Bande dessinée de Frédéric Bertocchini, dessins de Puech.
C’est le printemps et Guy de Maupassant flâne en Normandie en réfléchissant à son prochain roman. Mais il se met à avoir des insomnies et de la fièvre : le sommeil et l’appétit le fuient. Devant ce mal étrange, l’auteur cherche à se distraire par des séjours à Paris ou de longues promenades avec son ami Gustave. Hélas, rien n’y fait : quelque chose persiste à se glisser dans ses nuits et à vider sa carafe d’eau. Maupassant essaie de se libérer de ses terreurs, mais on dit dans la région qu’un démon serait de retour et qu’il rôderait. Si ce n’est lui, qui donc passe dans le miroir de l’auteur et occulte son reflet ? Qui pèse sur ses nuits et infiltre ses cauchemars ? Maupassant n’en peut plus, il veut se libérer de cette funeste emprise : « Ce n’est pas pour me protéger que je vous ai appelé, mais pour constituer une cage, une sorte de prison… C’est que j’envisage de séquestrer quelqu’un. » (p. 42) Pour en finir, il en vient à la plus terrible des extrémités.
La seconde moitié du XIXe siècle a été le théâtre de prodigieuses avancées scientifiques, notamment dans le domaine de la psychiatrie. Mais cette époque était bien loin d’avoir fait le tour du pouvoir et des mystères de l’inconscient ou d’avoir mis des mots rationnels sur les phénomènes surnaturels. « Vous savez à présent que de puissantes forces occultes habitent l’invisible et se manifestent parfois à nous, sous certaines conditions. Nous baignons dedans constamment, même si nous ne les percevons pas… mais l’obscur est bien là, entre deux rayons de lumière. » (p. 29) Alors, que faut-il comprendre des troubles que rencontre Guy de Maupassant : est-ce la folie ou la rencontre avec le surnaturel ?

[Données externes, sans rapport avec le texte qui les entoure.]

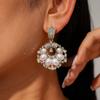 European and American Imitation Pearl Diamond-set Geometric Hollow Round Silver Needle Earrings Retro Exquisite Light Luxury Earrings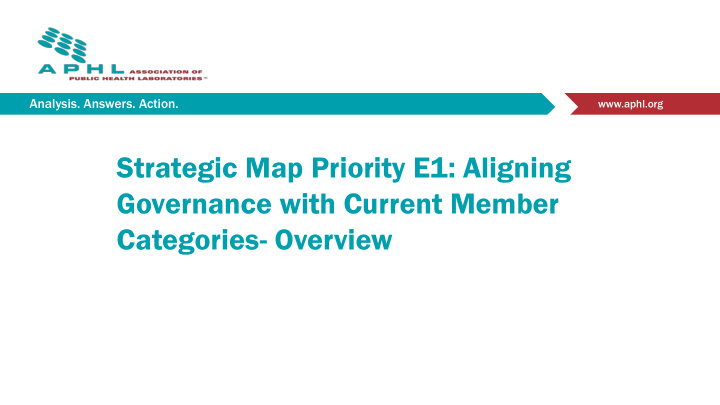 strategic map priority e1 aligning governance with
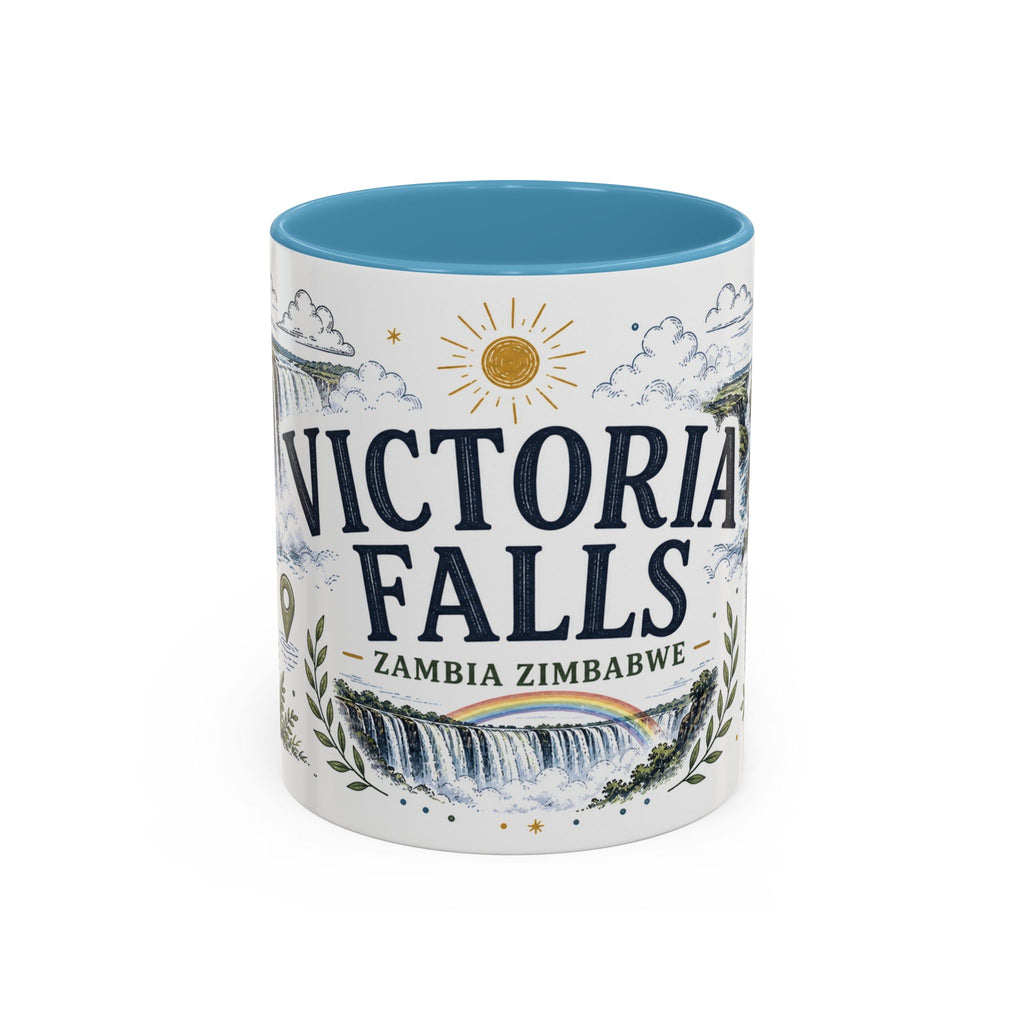 Victoria Falls Coffee Mug | Travel Destination Souvenir Gift | Accent Color Ceramic 11oz 15oz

Cette bande dessinée propose une lecture très intéressante de la célèbre nouvelle de Guy de Maupassant. Dans le texte original, le narrateur n’est pas l’auteur, même si la nouvelle renvoie au problème d’altérité subi par Maupassant. Frédéric Bertocchini a pris le parti de faire de Guy de Maupassant le personnage de sa propre nouvelle, effaçant ainsi les frontières entre narrateur et auteur. La bande dessinée se propose alors de dresser un portrait inédit du nouvelliste et d’écrire une biographie originale parfaitement sous-tendue par une création littéraire.
Puech dessine avec un grand talent la différence entre la vie paisible et les épisodes psychotiques qui causent la terreur du personnage. Si la couleur est lumineuse et dynamique dans le premier cas, elle devient lourde et épaisse dans le second, mais sans se départir d’un mouvement inquiétant : c’est celui d’une ombre qui ne cesse de se mouvoir dès que l’on a le dos tourné.
Je ne garde pas un souvenir très positif de la nouvelle de Guy de Maupassant, mais sans doute l’ai-je lu trop jeune. L’œuvre de Frédéric Bertocchini et de Puech a cela d’extraordinaire qu’elle tire un texte célèbre de l’univers des classiques pour en faire une quasi-nouveauté et un nouveau chef-d’œuvre. Et surtout, la bande dessinée donne furieusement envie de redécouvrir les nouvelles fantastiques de Maupassant. À la fois hommage au maître et dépassement, Le Horla, Maupassant est une belle réussite du neuvième art.
De Frédéric Bertocchini, je vous (re)-recommande l’excellent roman graphique Jim Morrison, poète du chaos.